Jorge didn't want to make love again. He leaned back away from her and rested his head on his pillow. The air conditioner kicked in with a soft rushing sound, almost like water flowing, sending a cooling breeze like a benediction down from the vent near the bed. It might not have been so pleasant lying here under different circumstances.
"A sad day for us," Jorge said. "After this morning, we won't be able to see each other for quite a while."
Maria scooted nearer to him on the bed and kissed him on the lips. "I understand," she said.
And he knew she did. And she accepted. He smiled. "You are unlike any other woman."
"So is every other woman, but no other woman is yours."
His smile widened. "That is because you would cut off my testicles."
"You are so right. And I love you so much."
"And I you."
They kissed again and she moved away from him and climbed out of bed. She didn't see any point in drawing out what for both of them was going to be a painful but necessary parting.
Raising her arms high, she stretched the length of her sleek body. "I'll shower first."
"Perhaps I'll join you. Save the hotel some water."
She paused and grinned at him. "Yes, you've always been interested in hotel water conservation."
"If it involves you, I find it a fascinating subject."
An hour later, Maria left the room first. She rode the elevator down to the lobby, walked to an archway beyond the reservation desk, and found a table in the coffee shop.

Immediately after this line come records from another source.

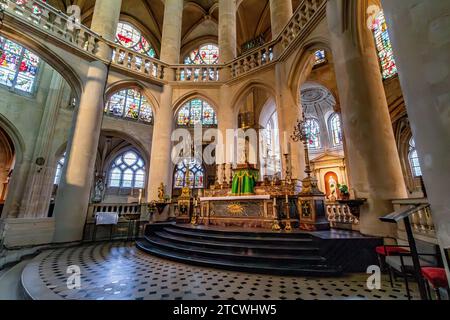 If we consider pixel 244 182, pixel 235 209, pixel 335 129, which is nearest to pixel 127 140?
pixel 244 182

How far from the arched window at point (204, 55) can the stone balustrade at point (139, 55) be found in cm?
724

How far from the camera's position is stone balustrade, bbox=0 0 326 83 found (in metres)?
6.18

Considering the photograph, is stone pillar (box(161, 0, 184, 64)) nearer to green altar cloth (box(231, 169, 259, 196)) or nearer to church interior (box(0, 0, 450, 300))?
church interior (box(0, 0, 450, 300))

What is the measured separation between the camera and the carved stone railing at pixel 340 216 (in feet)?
16.7

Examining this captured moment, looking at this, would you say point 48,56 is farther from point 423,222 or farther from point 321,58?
point 321,58

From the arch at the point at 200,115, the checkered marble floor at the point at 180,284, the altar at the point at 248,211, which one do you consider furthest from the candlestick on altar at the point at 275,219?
the arch at the point at 200,115

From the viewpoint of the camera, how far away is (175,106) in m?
9.34

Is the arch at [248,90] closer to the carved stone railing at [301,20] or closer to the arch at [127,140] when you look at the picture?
the carved stone railing at [301,20]

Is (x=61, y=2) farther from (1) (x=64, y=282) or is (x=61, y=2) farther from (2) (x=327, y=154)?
(2) (x=327, y=154)

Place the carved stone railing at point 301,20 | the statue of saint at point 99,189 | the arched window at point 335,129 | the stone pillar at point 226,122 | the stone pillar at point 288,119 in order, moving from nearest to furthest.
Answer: the carved stone railing at point 301,20 < the stone pillar at point 288,119 < the stone pillar at point 226,122 < the statue of saint at point 99,189 < the arched window at point 335,129

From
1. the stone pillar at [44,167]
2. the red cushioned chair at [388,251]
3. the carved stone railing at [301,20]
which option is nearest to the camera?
the red cushioned chair at [388,251]

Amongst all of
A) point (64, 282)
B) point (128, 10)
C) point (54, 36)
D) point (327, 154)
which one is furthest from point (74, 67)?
point (327, 154)

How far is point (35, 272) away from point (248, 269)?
12.1 ft

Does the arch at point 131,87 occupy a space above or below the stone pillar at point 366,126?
above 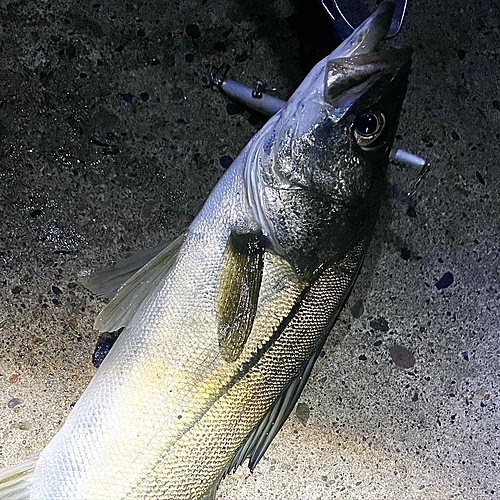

She ordered an espresso and sat calmly sipping it, waiting for Jorge to finish dressing and come downstairs.
As she sipped her espresso and gazed out the coffee shop's wide window that provided a view of the street, she noticed two identical black Volkswagen Jettas parked at the curb near the hotel's entrance. Though they were in the way of taxis, and a shuttle bus, if one were to arrive, the uniformed doorman was obviously ignoring them.
He also ignored the three men in dark suits who hurried past him, walking side by side. From her table, Maria could see beyond the entrance arch as the three men entered the lobby and strode across the terrazzo floor toward the elevators.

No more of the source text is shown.